The study also said women suffer from this disease four times more than men and the major reasons were a sedentary lifestyle including tight attire and high heels.

The reason why the problem was worrying was because if the varicose is not treated, it develops into non-healing ulcers, which happens near the ankles making it difficult to walk.

“Varicose ulcer can be found in both legs, which contain multiple valves that help the blood flow in the direction of the heart. When these valves are damaged, blood starts accumulating in the legs, which causes swelling, pain, fatigue, skin discolouration, itching and varicosities. And if not treated on time, it may develop a non-healing ulcer on the leg, which only happens near the ankle,” said the study.

According to the study, a decade ago only 0.5 to 1 percent of youngsters used to suffer from varicose veins.

“Among women, due to some hormones, the walls of these veins become enlarged and dilated.
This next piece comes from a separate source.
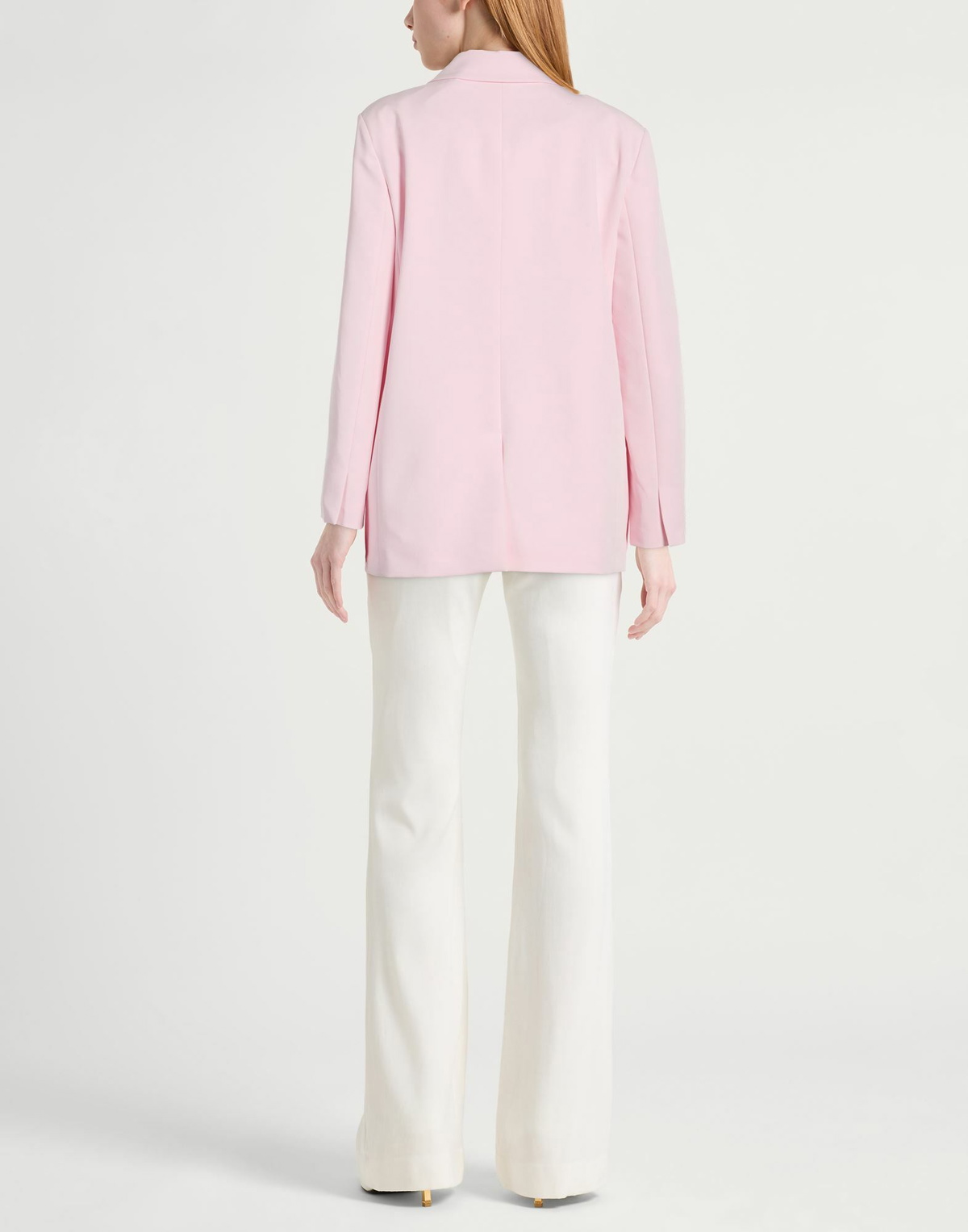 Imperial Womens Blazer in Pink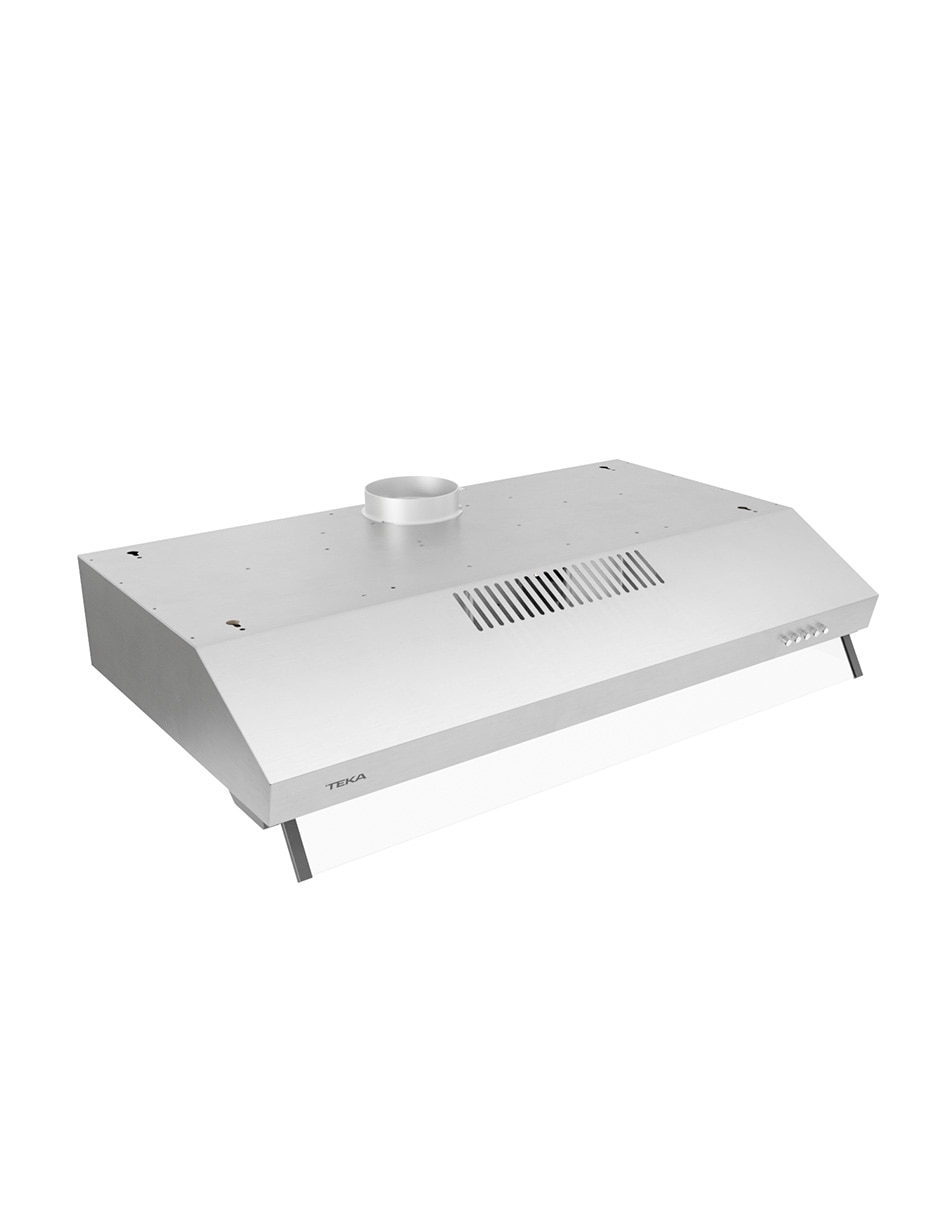 Campana Plana Teka Cpx84220Kclinox De Acero Inoxidable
Besides, during pregnancy because of a lot of pressure on leg veins, these become weak and varicosed,” said Pradeep Muley, head interventional radiologist at Fortis Hospital.

“Till now, various treatment options available for varicose ulcer were elevating the legs while lying down or sitting, bending legs occasionally and sclerotherapy for short segment disease.

“Vein stripping surgery is a major surgery where the recurrence rate is too high, causes ugly scars on the legs and also has a long recovery time,” added Muley.

The study said Radio Frequency Ablation (RFA) was the latest and most effective form of treating this disease using multi-polar RFA machine.

“Under colour-doppler ultrasound vision, a radio frequency catheter is inserted into the abnormal vein and the vessel is treated with radio-energy, resulting in closure of the involved vein,” said the study.

The interventional radiologist accesses the abnormal saphenous vein just above the ankle or below the knee through a small cannula in abnormal vein.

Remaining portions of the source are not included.